Problem: Select the lines below containing the word "with".

[[ Information provided open ]]

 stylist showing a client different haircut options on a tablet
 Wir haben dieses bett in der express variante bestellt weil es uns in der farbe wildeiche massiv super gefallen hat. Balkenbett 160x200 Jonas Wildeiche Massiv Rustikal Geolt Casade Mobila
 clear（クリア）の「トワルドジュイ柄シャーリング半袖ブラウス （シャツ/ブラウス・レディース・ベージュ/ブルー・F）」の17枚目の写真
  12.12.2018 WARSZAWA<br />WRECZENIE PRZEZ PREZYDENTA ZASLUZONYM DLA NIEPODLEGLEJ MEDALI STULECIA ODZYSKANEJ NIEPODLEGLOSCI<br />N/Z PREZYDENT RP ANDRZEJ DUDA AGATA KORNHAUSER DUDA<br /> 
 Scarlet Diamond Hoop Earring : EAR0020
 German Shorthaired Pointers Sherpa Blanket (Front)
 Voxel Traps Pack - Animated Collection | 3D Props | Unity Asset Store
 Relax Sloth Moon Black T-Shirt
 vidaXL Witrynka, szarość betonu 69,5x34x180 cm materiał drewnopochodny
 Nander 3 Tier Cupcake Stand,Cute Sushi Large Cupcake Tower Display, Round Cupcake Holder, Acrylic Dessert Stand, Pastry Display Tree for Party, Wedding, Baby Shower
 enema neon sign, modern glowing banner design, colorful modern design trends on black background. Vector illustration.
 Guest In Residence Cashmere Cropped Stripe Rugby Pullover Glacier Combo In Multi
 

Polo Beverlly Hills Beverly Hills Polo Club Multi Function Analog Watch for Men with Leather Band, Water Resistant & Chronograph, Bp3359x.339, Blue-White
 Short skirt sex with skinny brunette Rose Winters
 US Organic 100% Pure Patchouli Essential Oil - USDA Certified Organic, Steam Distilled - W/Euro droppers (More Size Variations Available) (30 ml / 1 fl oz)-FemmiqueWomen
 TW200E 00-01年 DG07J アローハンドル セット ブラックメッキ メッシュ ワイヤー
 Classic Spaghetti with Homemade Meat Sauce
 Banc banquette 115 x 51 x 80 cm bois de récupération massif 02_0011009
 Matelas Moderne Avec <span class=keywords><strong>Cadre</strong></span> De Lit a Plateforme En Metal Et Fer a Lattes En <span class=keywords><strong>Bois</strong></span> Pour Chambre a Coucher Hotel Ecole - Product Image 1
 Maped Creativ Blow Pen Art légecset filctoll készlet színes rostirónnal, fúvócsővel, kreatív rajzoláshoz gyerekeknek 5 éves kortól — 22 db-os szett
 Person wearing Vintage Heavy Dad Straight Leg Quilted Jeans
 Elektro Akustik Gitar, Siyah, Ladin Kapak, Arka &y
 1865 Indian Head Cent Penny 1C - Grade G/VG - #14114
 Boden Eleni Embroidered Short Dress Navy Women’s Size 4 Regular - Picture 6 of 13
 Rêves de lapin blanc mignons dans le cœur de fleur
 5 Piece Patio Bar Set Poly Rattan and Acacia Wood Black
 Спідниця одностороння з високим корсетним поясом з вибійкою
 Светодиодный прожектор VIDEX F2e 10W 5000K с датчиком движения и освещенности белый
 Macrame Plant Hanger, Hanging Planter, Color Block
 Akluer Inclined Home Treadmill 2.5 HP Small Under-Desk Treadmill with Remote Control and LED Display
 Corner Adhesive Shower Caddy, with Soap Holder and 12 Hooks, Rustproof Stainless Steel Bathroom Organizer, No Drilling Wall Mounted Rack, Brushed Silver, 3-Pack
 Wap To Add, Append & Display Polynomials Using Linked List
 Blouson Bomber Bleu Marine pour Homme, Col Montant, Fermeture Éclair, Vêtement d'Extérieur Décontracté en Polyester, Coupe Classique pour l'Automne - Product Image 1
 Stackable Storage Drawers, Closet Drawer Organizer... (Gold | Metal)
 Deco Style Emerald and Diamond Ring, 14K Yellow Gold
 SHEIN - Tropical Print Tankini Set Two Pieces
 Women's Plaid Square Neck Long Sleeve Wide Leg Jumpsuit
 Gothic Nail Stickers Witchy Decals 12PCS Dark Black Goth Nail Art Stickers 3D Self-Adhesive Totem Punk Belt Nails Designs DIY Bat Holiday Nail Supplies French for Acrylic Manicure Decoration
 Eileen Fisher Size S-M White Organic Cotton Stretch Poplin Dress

[[ Information provided closed ]]

Response:
Polo Beverlly Hills Beverly Hills Polo Club Multi Function Analog Watch for Men with Leather Band, Water Resistant & Chronograph, Bp3359x.339, Blue-White
 Short skirt sex with skinny brunette Rose Winters
 Classic Spaghetti with Homemade Meat Sauce
 Akluer Inclined Home Treadmill 2.5 HP Small Under-Desk Treadmill with Remote Control and LED Display
 Corner Adhesive Shower Caddy, with Soap Holder and 12 Hooks, Rustproof Stainless Steel Bathroom Organizer, No Drilling Wall Mounted Rack, Brushed Silver, 3-Pack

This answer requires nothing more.